Your answer must be an exact copy of the data, without any pictures.

------ DATA TO PROCESS ------

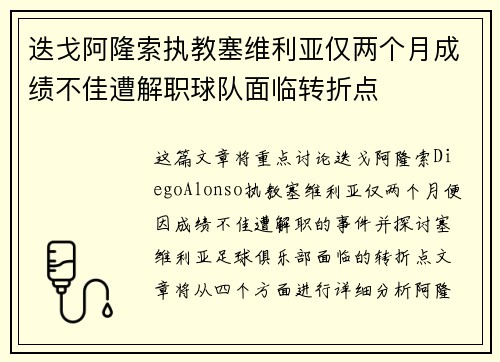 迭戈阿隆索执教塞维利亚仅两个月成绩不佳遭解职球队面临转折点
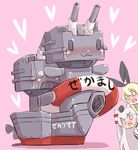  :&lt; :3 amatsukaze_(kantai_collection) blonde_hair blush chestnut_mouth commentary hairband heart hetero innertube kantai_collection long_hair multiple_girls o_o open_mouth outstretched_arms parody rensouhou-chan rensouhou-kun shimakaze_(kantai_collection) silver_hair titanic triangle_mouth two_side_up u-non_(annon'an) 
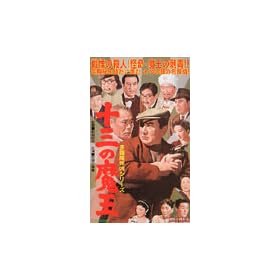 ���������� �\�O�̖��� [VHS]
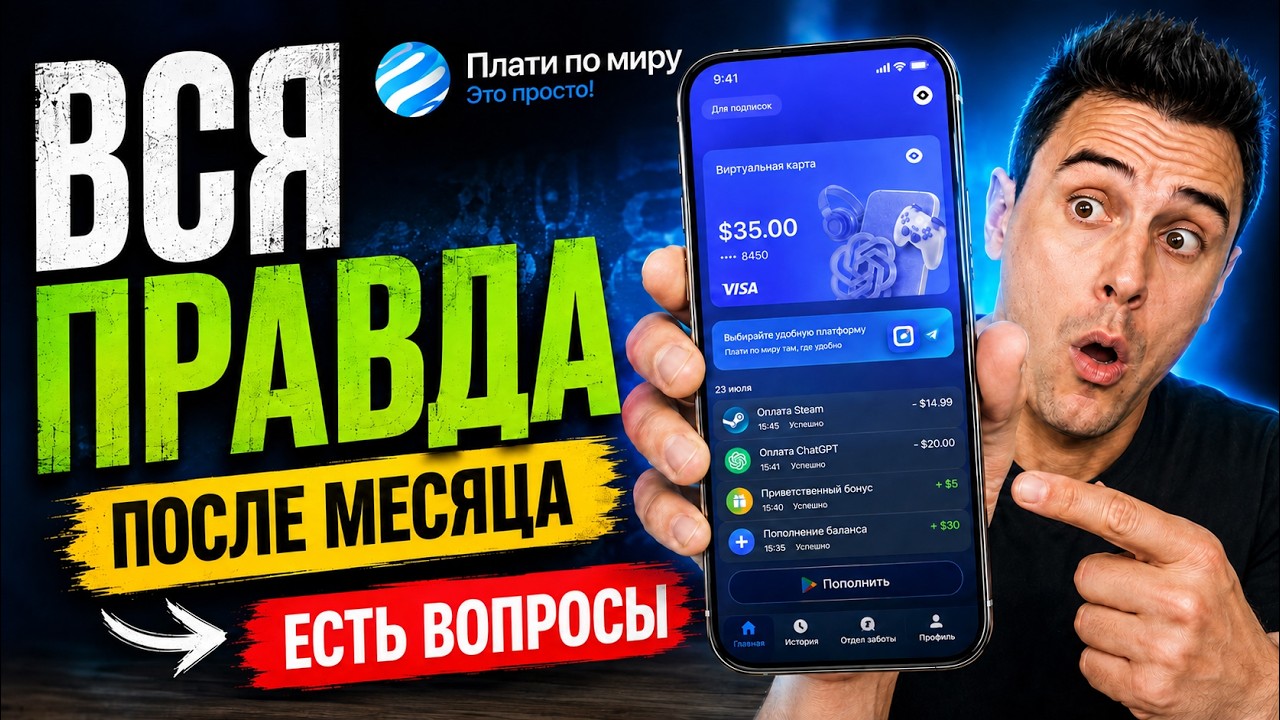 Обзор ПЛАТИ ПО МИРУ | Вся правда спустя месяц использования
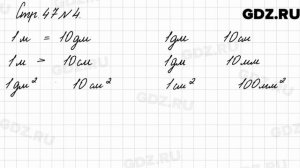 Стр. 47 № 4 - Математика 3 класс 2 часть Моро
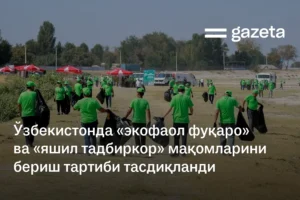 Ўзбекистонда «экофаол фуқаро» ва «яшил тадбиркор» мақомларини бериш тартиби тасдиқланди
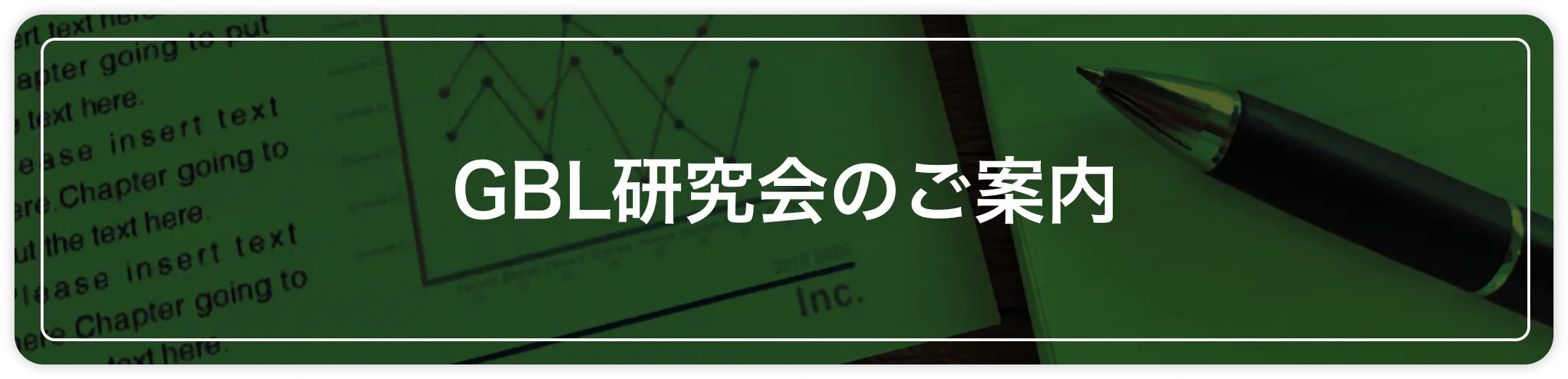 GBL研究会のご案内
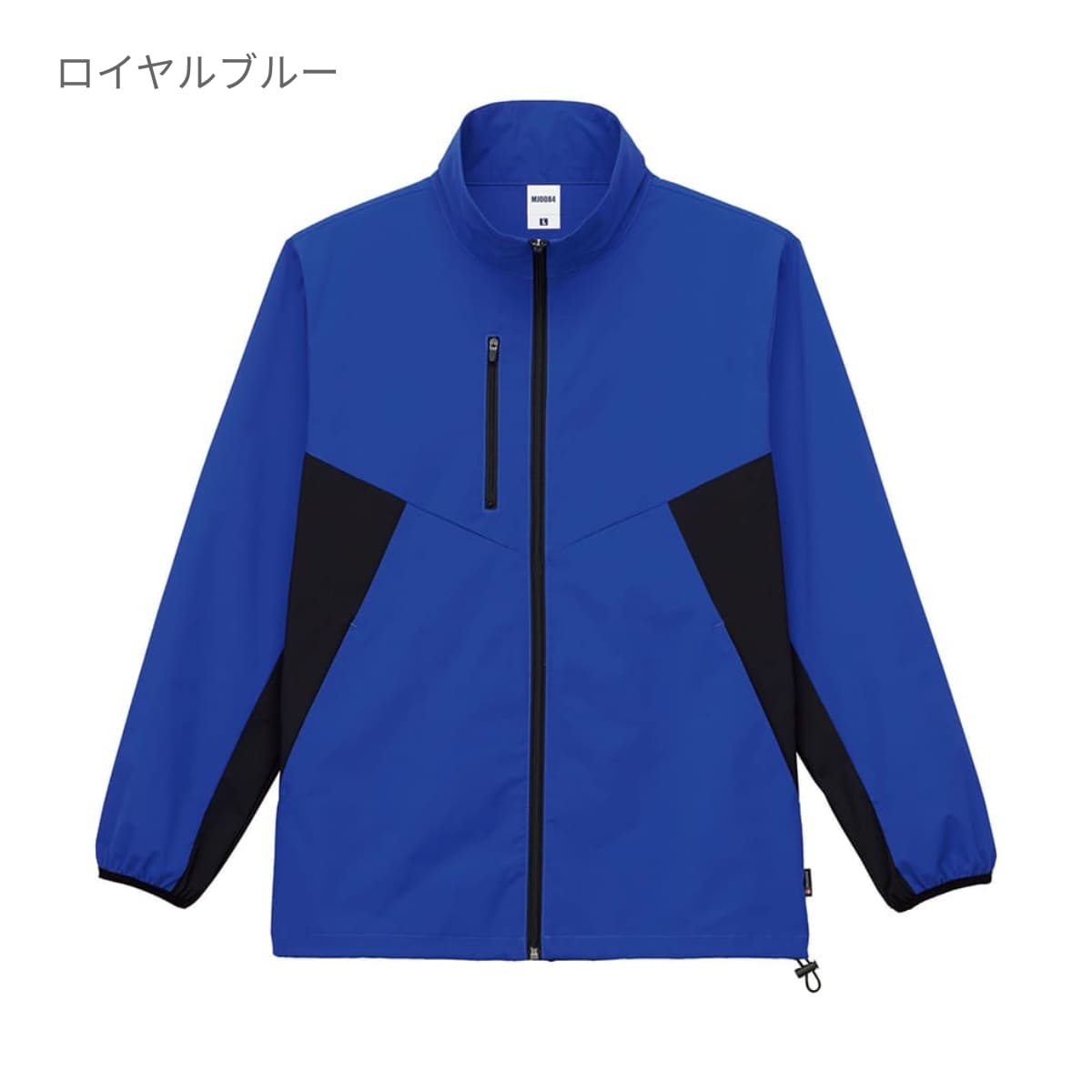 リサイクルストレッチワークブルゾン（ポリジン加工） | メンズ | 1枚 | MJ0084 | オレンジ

------

RESULT OF THIS EXERCISE:
 迭戈阿隆索执教塞维利亚仅两个月成绩不佳遭解职球队面临转折点
  :&lt; :3 amatsukaze_(kantai_collection) blonde_hair blush chestnut_mouth commentary hairband heart hetero innertube kantai_collection long_hair multiple_girls o_o open_mouth outstretched_arms parody rensouhou-chan rensouhou-kun shimakaze_(kantai_collection) silver_hair titanic triangle_mouth two_side_up u-non_(annon'an) 
 ���������� �\�O�̖��� [VHS]
 Обзор ПЛАТИ ПО МИРУ | Вся правда спустя месяц использования
 Стр. 47 № 4 - Математика 3 класс 2 часть Моро
 Ўзбекистонда «экофаол фуқаро» ва «яшил тадбиркор» мақомларини бериш тартиби тасдиқланди
 GBL研究会のご案内
 リサイクルストレッチワークブルゾン（ポリジン加工） | メンズ | 1枚 | MJ0084 | オレンジ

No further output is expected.